The gap in incomes, or income inequality, grew wider following the Civil War through the Great Depression, nearly seventy years of stagnant wages for a large segment of the U.S. economy for reasons similar to what we are experiencing today.

Hourly wages for unskilled U.S. workers had started to move higher right before the onslaught of the COVID-19 pandemic. Gains were in large part tied to shrinking workforce growth brought on by the retirement of the baby boomers.

Despite technology’s evident enhancement of productivity, the United States was functionally out of workers going into the COVID-19 recession.

We see a bifurcation in arriving immigrants, from high-skill, highly educated to low-skill, poorly educated people. Given our shortage of natively produced workers, both are finding employment.

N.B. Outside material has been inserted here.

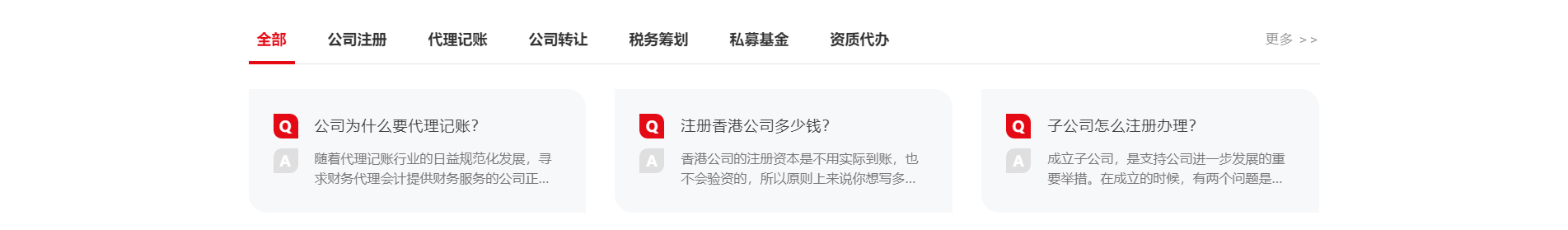 注冊公司_代理記賬_公司變更_咨詢服務(wù)行業(yè)案例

Will the United States address the slowing in growth of its labor force with immigration or accept slower long-term economic growth?

Equilibrium

The growth of the labor force is fundamental to overall economic growth, but how we manage it is frequently problematic. Slowing rates of laborforce growth suggest that the tight labor markets of the late 2010s will be a recurring issue causing problems for firms that need workers, as well as for a relatively increasing share of the population that is retired and dependent upon existing workers to maintain their standard of living. As well, the changing nature of the labor being demanded has led to some income distribution issues, a not-so-uncommon occurrence in U.S. history. Immigration can be and has been a significant source of additional workers for the United States, but immigration is a complicated political issue and a common issue of debate.